Though shaken by the reality of General Franco establishing his dictatorship regime from 1939, Nehru was convinced about the role India played.  He observed, “It wasn’t Spain only, the new world was locked in with barbarian hordes and brutal violence. If I deserted them, what would I cherish in India? For what kind of freedom do we struggle?”

‘Bombay brought joy; I didn’t need Spain’

Where would language education and social welfare be without the wonderful Spanish priests who walked among us. Urged to actually be the change they wanted to see in the world, these remarkable men modestly began work here from 1921. Many more left their homeland after the Civil War — assigned to missions in South America, Japan, the Philippines and India. 

Of the dozen Spanish priests whom I profiled 15 years ago, Fr Francis Juan at St Stanislaus School, Bandra, and Fr Joseph Aran at St Mary’s, Byculla, still grace the city. Fr Tony Jurschik might have been a lawyer had he not “distinctly heard God’s call” at a riverside retreat in Manresa. It was not just challenging English to study from scratch, as all Spanish missionaries had to. Stepping on desi soil, he diligently learnt Marathi and Hindi to minister to Adivasis in Dindori and Dalits in Manmad. 

The treasurer of Seva Niketan in Byculla when we had met, Fr Manolo Tasso came away as a 21-year-old, to teach theology, Spanish and French.

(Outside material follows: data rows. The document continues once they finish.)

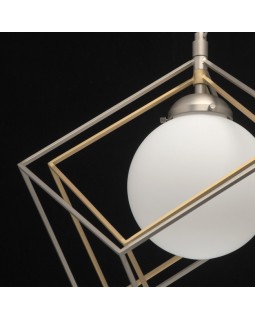 Подвесной светильник DeMarkt 726010201-foto3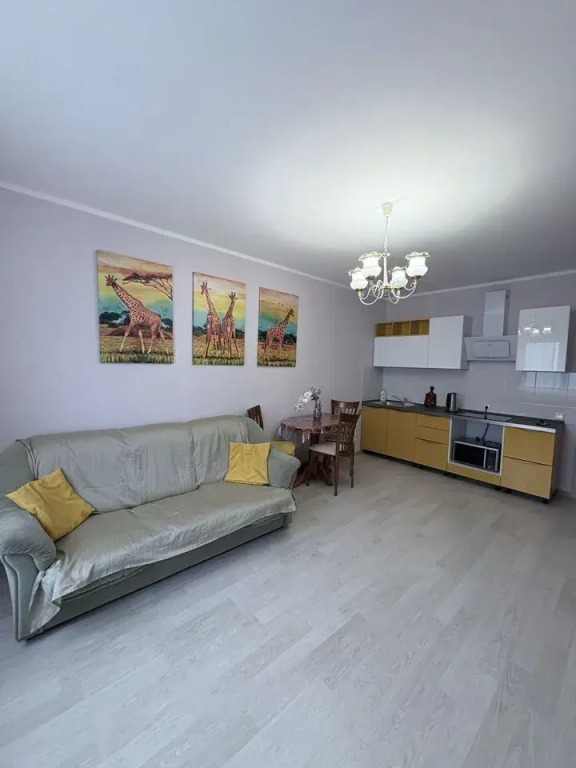 Квартира на Зареченской 6к4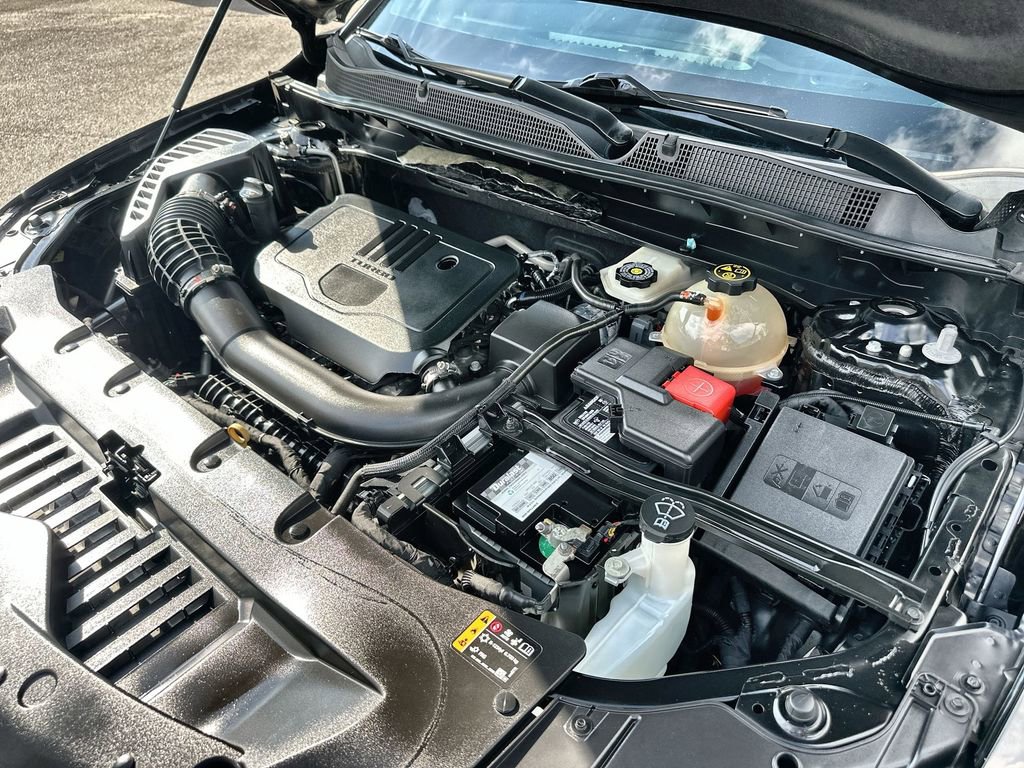 Certified 2021 Chevrolet Blazer Premier image 29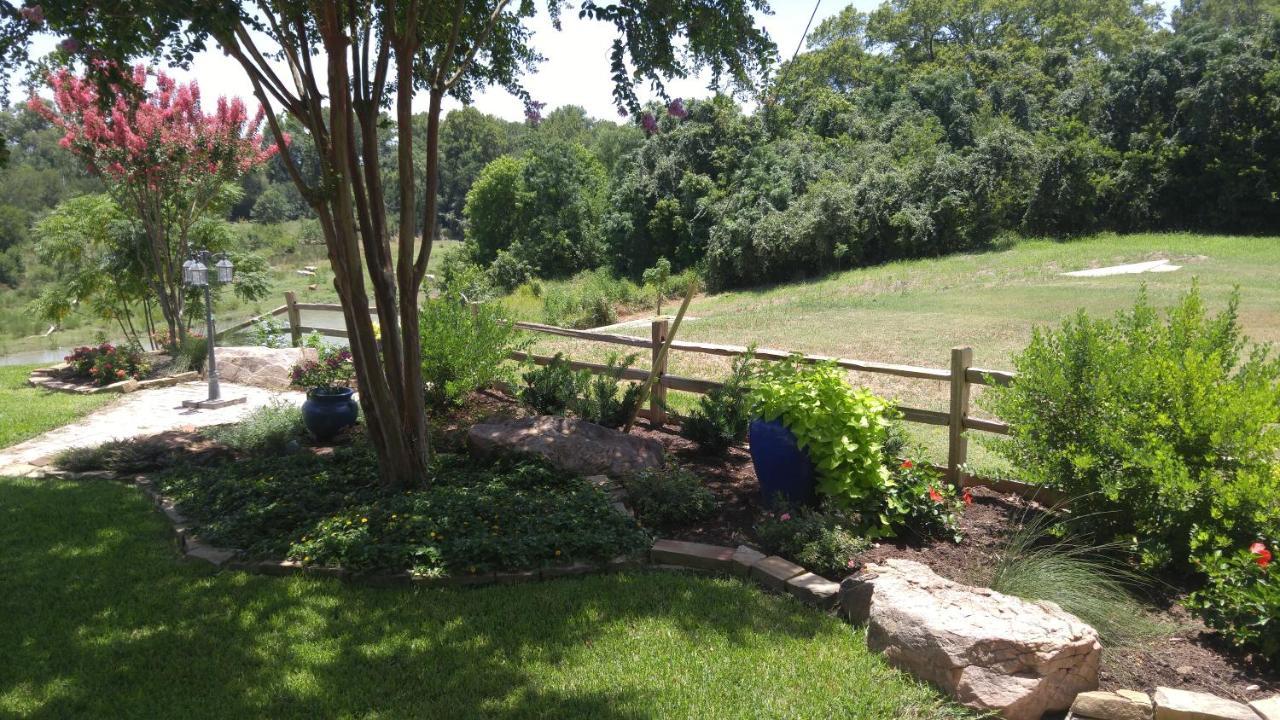 The Perry Riverhouse Bastrop Esterno foto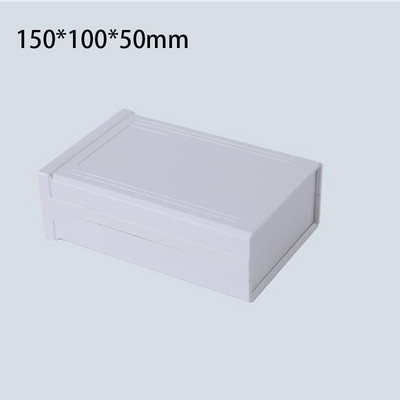 170*130*55MM projektna kutija Transformator kućište desktop DIY ljuska za distribuciju električne energije može se obraditi s rupama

He returned only twice to Spain in his lifetime, content to keep in touch with nieces and nephews on email.  

Smilingly recounting he was “fortuitously sent to India”, Fr Peter Ribes was the last Latin tutor in Bombay. From a Barcelona family of lawyers, doctors and engineers, he quietly stepped aside solo, assuring his SJ (Society of Jesus) superior of his willingness to go wherever in the world he was intended to serve as a missionary. The city of his adoption inspired a strong sense of belonging — “Bombay brought joy; I didn’t need Spain.”  

Other legendary Spaniards have included Fr Henry Heras, admired for his knowledge of ancient indigenous cultures, and Fr Joachim Fuster, a memorable Director of the Institute of Counselling at St Xavier’s College. Arriving with two doctorates and a deep love for India, Fr Hermenegild Santapau became chief botanist to the government, with plant species and even a genus bearing his name: Santapauella. 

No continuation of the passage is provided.